1. Trade the sword for the pen. For a week or two, write instead of rant, jotting down everything that ticks you off. (And yes, there's a payoff beyond writer's cramp.) Be alert to patterns: Are you more prone to anger at work or at home, on weekday mornings or weekend nights? Awareness leads to insights — "I withdraw when I'm feeling neglected" — and better coping strategies. Find yourself blowing up at the kids when they clamor for homework help the minute you walk in the door? Take a 10-minute "mommy time-out" for some yoga poses and designate an after-dinner "homework hour" during which you will happily field questions on algebra or the Civil War.

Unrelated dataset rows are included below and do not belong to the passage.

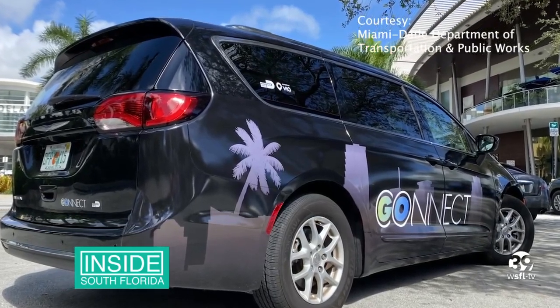In addition to nearby destinations in the service area, in the near future Go Connect will expand to additional communities including the town of Cutler Bay, the Civic Center area, and the West Kendall area.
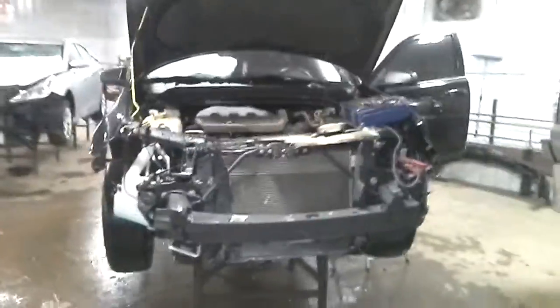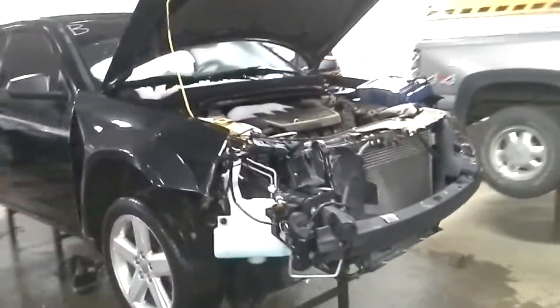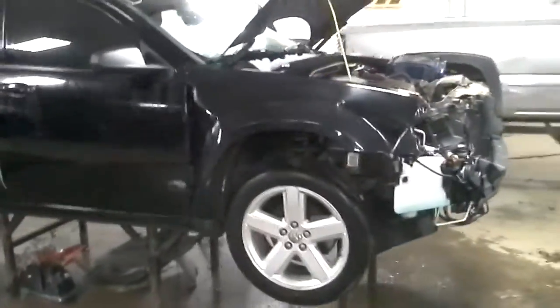This one does not start. It's a wiring issue. Black in color. Front damage.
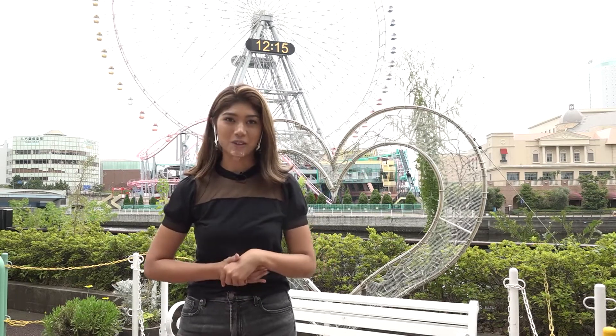This time, we brought you the program from Yokohama Minato Mirai, a well-known tourist spot in Yokohama. Hope you enjoyed it.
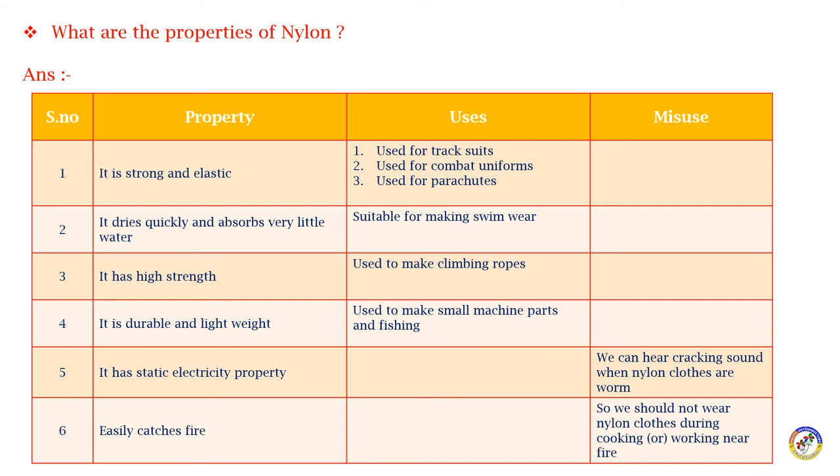Due to its static electric property, we can hear a cracking sound when nylon clothes are worn. Nylon easily catches fire, so we should not wear nylon clothes during cooking or when working near fire.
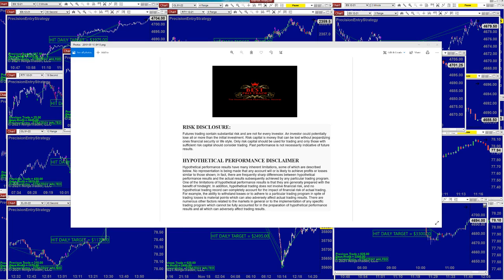Good day everyone and welcome. Before we start we have a disclosure: please be aware of risk in futures trading. We strongly advise you to be educated before you start using real money.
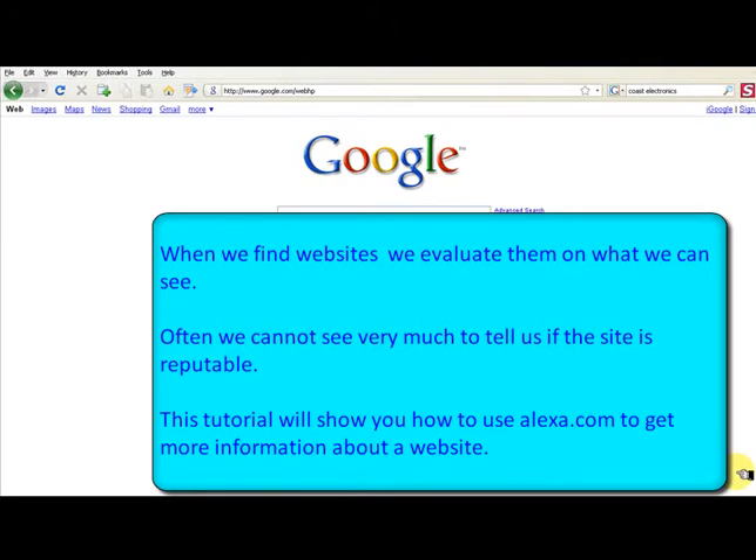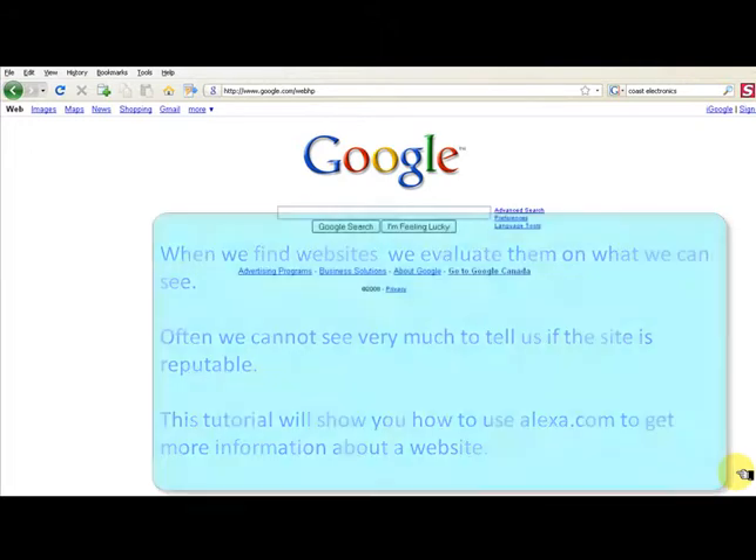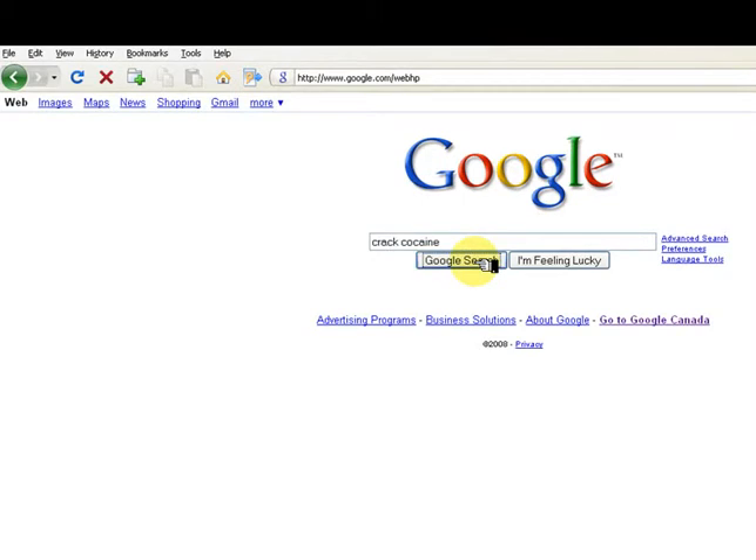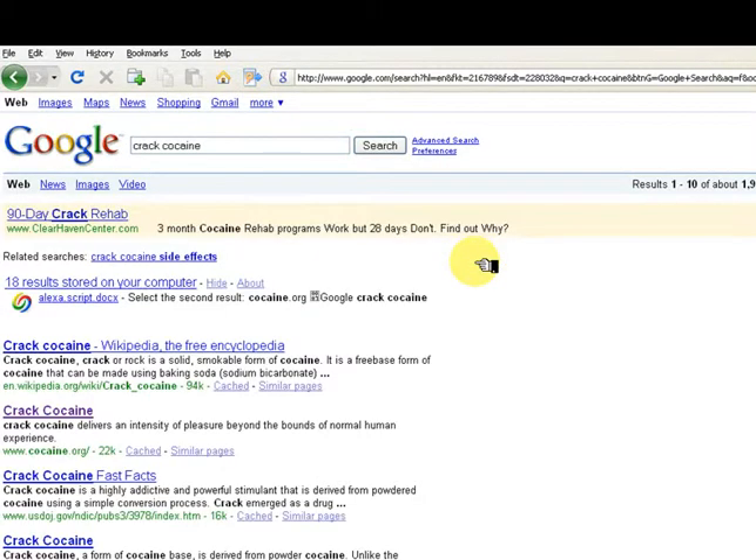This tutorial will show you how to use alexa.com to get more information about a website. Do a search for crack cocaine in Google. The first result is Wikipedia — select the second result, cocaine.org.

2. Learn to cool down. To become a pro at letting slights go, you must practice in a calm moment. Visualize a situation that made you stew — say, the friend who canceled on the yoga retreat at the last minute. Relive your fury for 30 seconds, which is long enough for your heart to start racing and the adrenaline to flow. Then switch to relaxation methods — breathe deeply, unclench your jaw, release any tight muscles. Don't punch your pillow. Experts now believe such cathartic techniques actually increase feelings of aggression.

3. Plan ahead. Bring your iPod on the train if chattering commuters bug you, have a magazine handy if you'll be waiting in line. It's not brain surgery, but the point is you don't need brain surgery. Psychologist Robert Allan suggests that when faced with the inconvenience of, say, a person who holds up the grocery checkout line by writing a check at the last minute, you distract yourself by observing how others deal. You might also keep a Koosh ball in your purse or glove compartment to squeeze for tension release. Or just practice your Kegel exercises.

4. It's not all about you. Don't think of the people who piss you off as "out to get you." Instead think of them as fundamentally flawed human beings. "I have a mantra," says psychotherapist Anna Maravelas. "This person lacks skill, insight, or courage." While someone may actually be trying to hurt you, taking it personally isn't going to help, says anger researcher Jerry Deffenbacher. "Instead of vilifying someone," he says, "it's better to think of him as someone you need to set some limits with or back away from."

5. State your position, then negotiate. When Lisa Cohn, a single mother of two, merged households with her new love, a single father of two, they fought constantly about food. He fed his kids hot dogs and ice cream; she served soy milk and tofu. The fix: his-and-hers refrigerators.